My heart sank to the pit of my stomach. I was sick. I had been "too busy" with "other things" in my own life and with other missionary "stuff". I had failed to check on them even after being told they were being neglected once again. I had failed these two kids. I knew from the very beginning that this situation needed a long term plan, but all I had done was get a quick, temporary fix for them.  Missionary fail #ishouldjustquit! 

Travis and I met with our missionary partners who had originally found the kids in the mountain area last year. We began throwing out ideas, but were clueless as to what was actually available here in the Philippines for an entire handicapped family. Family was the key word! They needed family to help them. We decided to visit the papa at his brother's house the next day to possibly bring him home to see the kids which we thought would help speed up his recovery process. We also planned to "check out" his brother's family who had been caring for him. 
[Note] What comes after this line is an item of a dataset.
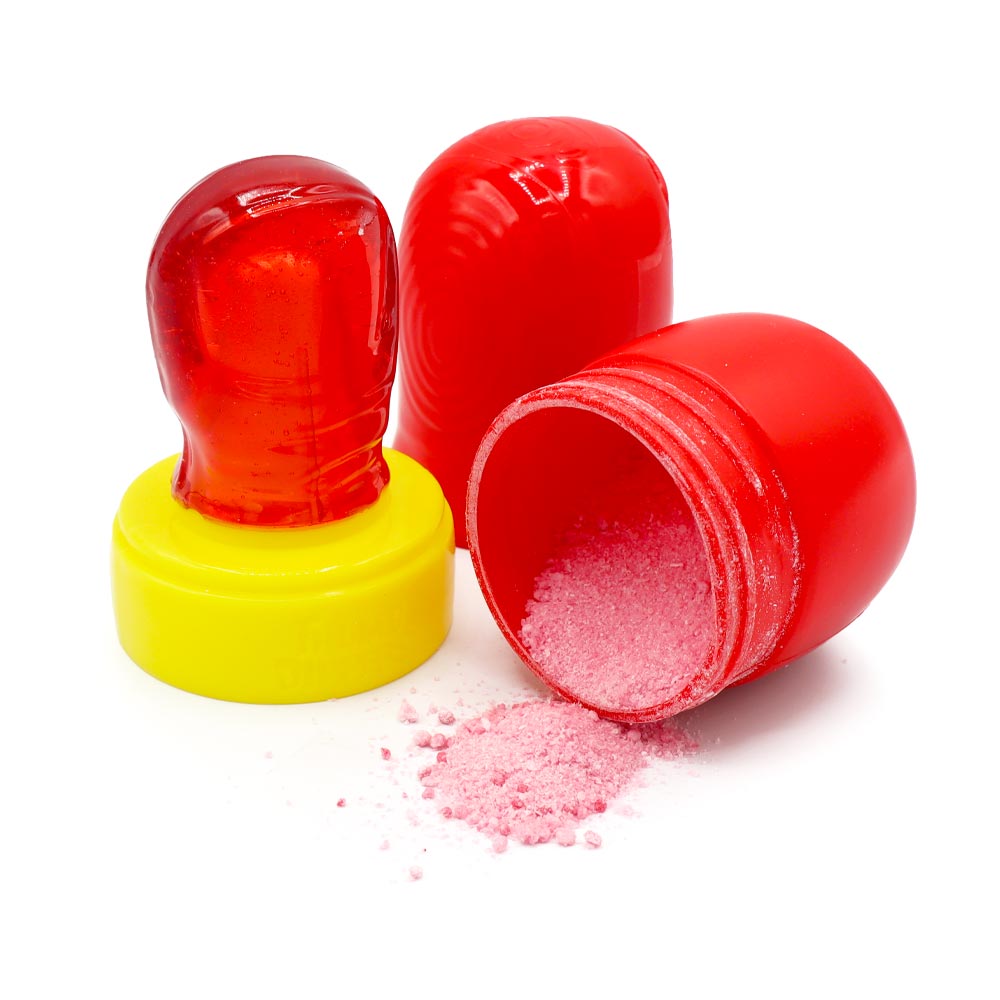 Warheads Super Sour Thumb Dippers 30g - 12 Count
We hoped that the situation would look "good enough" for us to ask them to take on Louie and Fe also. But we all knew that was a long shot. Most people here are barely getting by feeding and caring for their own family. No one would agree to take on a family of five especially when four were handicapped and couldn't contribute to the family.  Even if they wanted to help, we figured they would not agree because of the huge financial burden it would add to their family.  So, we also made a list of people to contact to search for a faculty that would take the whole family or at least Louie and Fe. (Yes, I thought about taking them both in and adopting them! But Travis reminded me we  were already drowning in a foreign adoption.)
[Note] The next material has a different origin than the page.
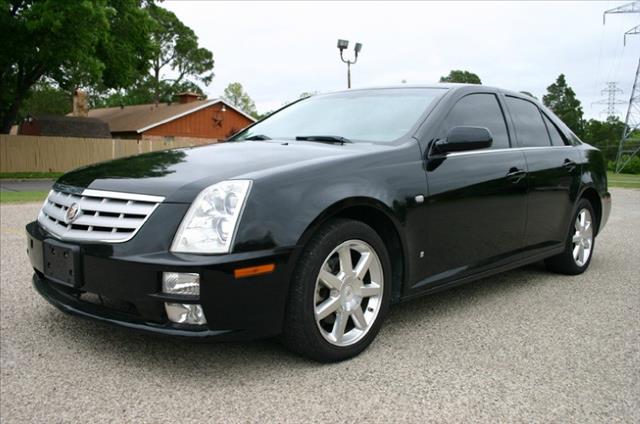 2007 Cadillac STS Crew Cab 4WD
The next morning we loaded up our boys, the three single missionaries, one of the Philippine missionaries, and Lilay and Jerome, our missionaries-in-training. We headed to the other side of the island and went up and up and up the mountain. On the way, we all prayed that God would be with us and guide this visit and show us what needed to be done. 
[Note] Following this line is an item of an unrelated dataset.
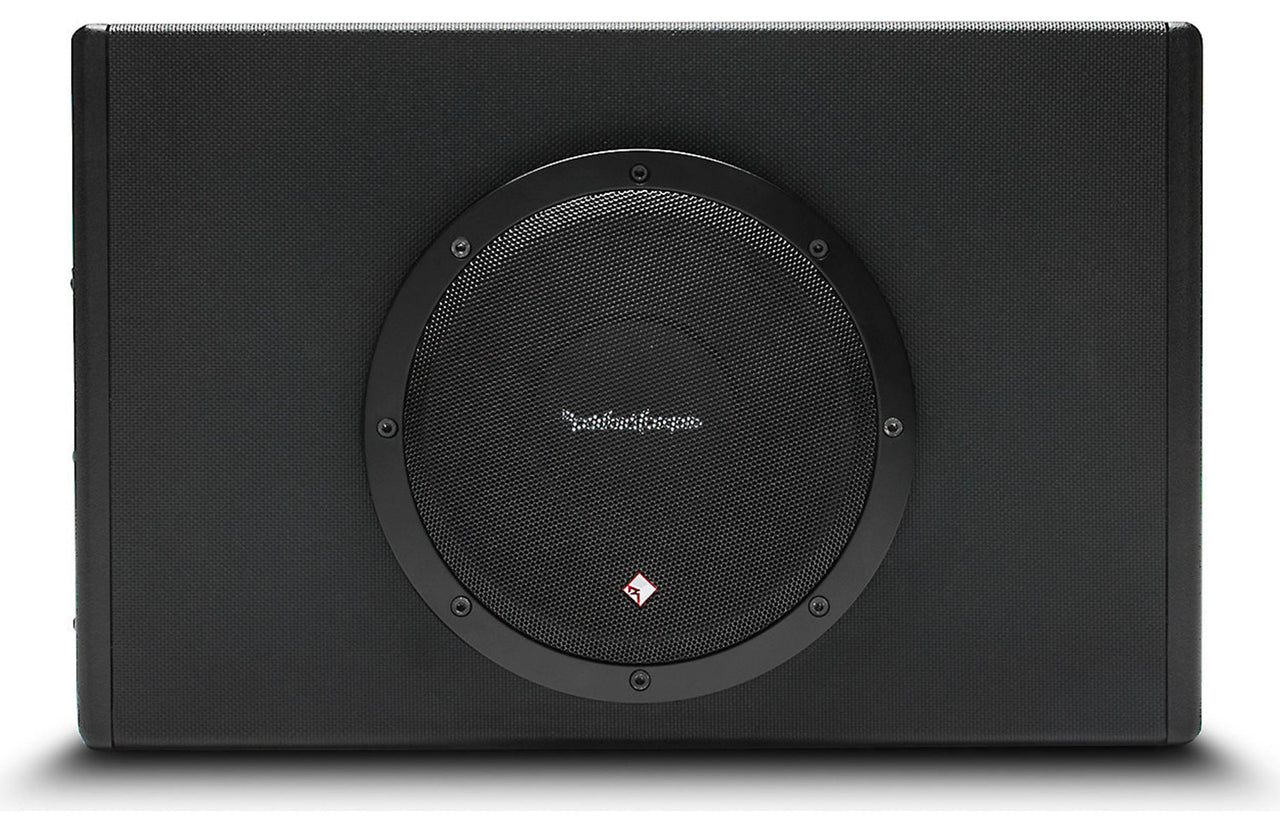 Rockford Fosgate P300-8P 8" Punch compact powered subwoofer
When we arrived we found, a fairly large house filled with a lot of people and even had a few piglets running in the house. My heart sank. I thought that  there was no way these people would have room for one more person much less an entire family. But as we got closer to the house, I saw a whole group of people caring for Irenao inside a little hut next to the main house. 

One lady was sitting in the floor feeding him. And another was massaging his hands and trying to get him to grasp his fingers. When he was done eating, some of the men stepped inside to help another lady with the changing of his diaper. The teamwork of this family was awesome, but their compassion was even more amazing.  This is exactly what Louie and Fe needed---a whole team of loving, compassionate caretakers. 

We also quickly realized that we could not take the father home to see his wife and kids like we had planned. So, we sat down with the family to talk. "Come, Holy Spirit" was our silent plea. Within minutes of sitting down to discuss options for Irenao and the kids, the entire extended family---brothers, sisters-in-law, nieces, nephews, cousins---all agreed to take in the family to help care for them. 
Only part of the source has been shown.